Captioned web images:

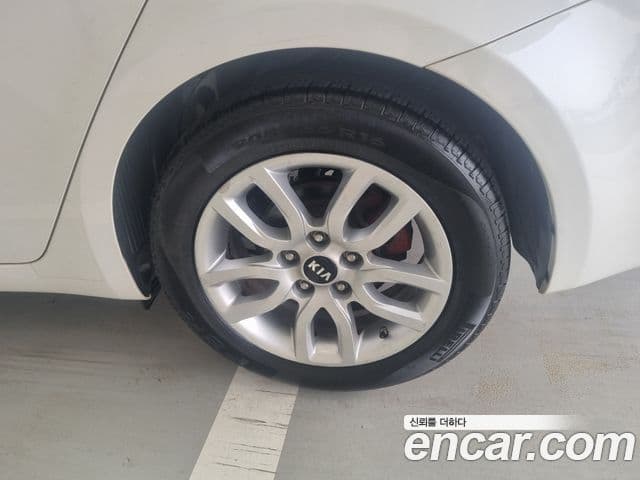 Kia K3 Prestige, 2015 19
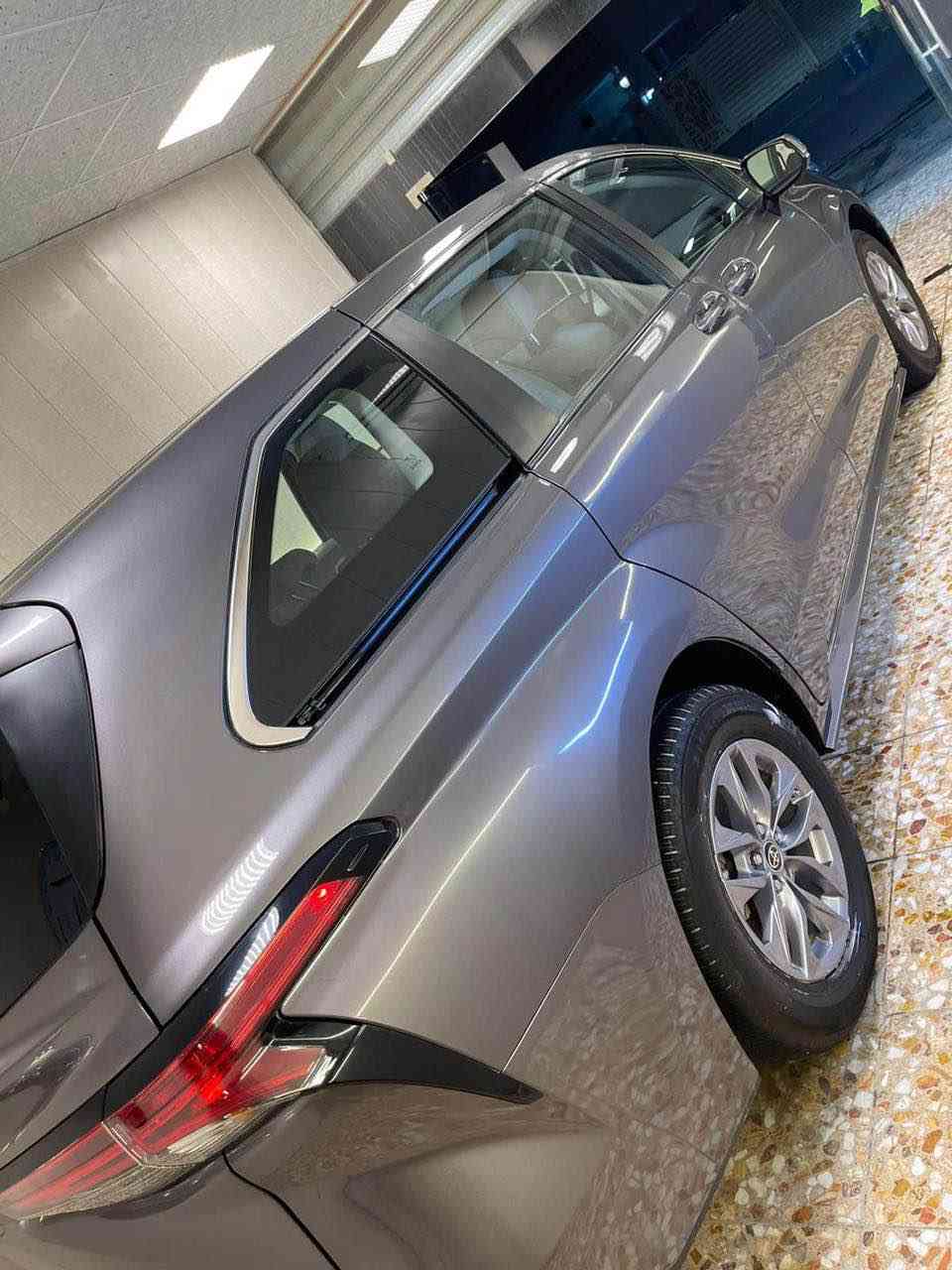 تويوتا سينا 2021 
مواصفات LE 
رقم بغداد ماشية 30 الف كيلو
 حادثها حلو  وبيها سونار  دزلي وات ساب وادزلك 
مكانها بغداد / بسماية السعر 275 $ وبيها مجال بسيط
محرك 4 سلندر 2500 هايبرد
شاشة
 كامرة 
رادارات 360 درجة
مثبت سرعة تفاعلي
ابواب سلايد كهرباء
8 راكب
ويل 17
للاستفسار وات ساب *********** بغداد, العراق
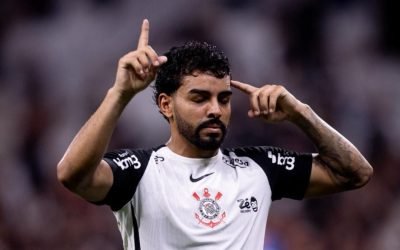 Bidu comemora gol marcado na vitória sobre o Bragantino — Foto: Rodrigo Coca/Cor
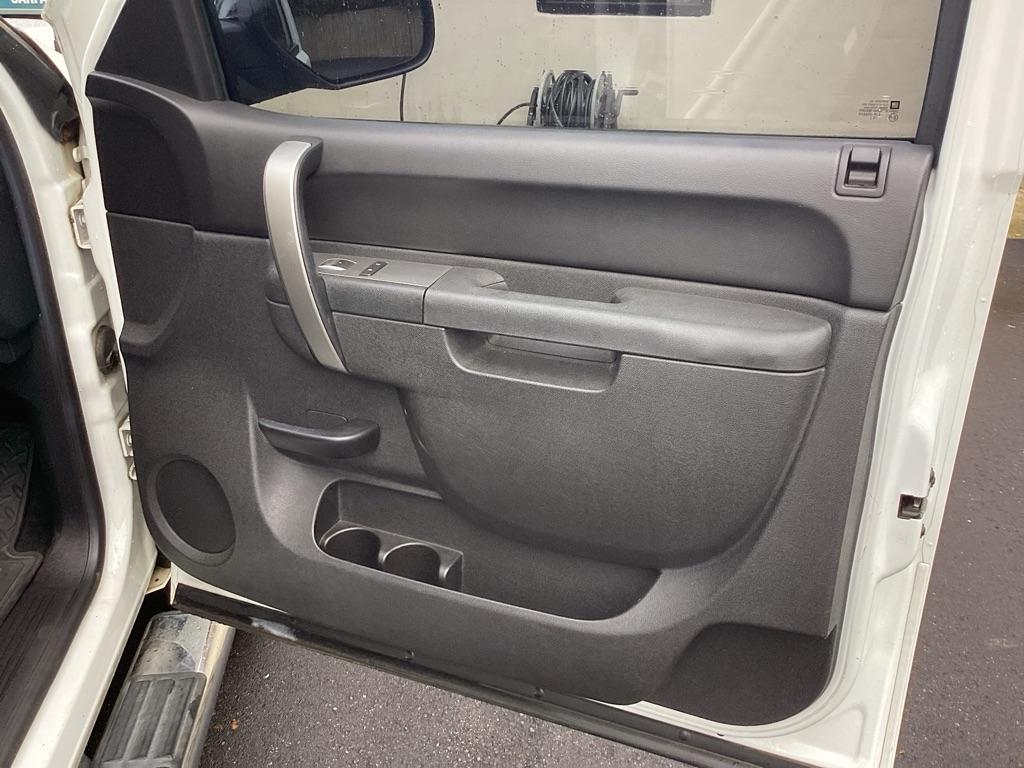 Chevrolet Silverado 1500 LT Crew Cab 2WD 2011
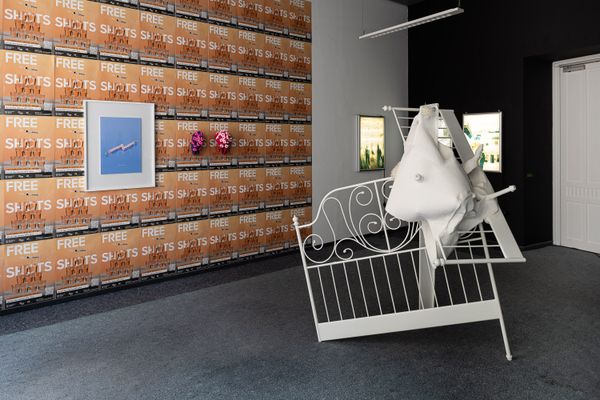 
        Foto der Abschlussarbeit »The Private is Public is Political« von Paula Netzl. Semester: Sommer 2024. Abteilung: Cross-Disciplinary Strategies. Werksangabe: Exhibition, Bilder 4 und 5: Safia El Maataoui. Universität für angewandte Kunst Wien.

[INSTRUCTIONS FOR THE TASK] Wherever "بغداد" appears in a line of the entries, copy that line.

[YOUR SOLUTION]
رقم بغداد ماشية 30 الف كيلو
مكانها بغداد / بسماية السعر 275 $ وبيها مجال بسيط
للاستفسار وات ساب *********** بغداد, العراق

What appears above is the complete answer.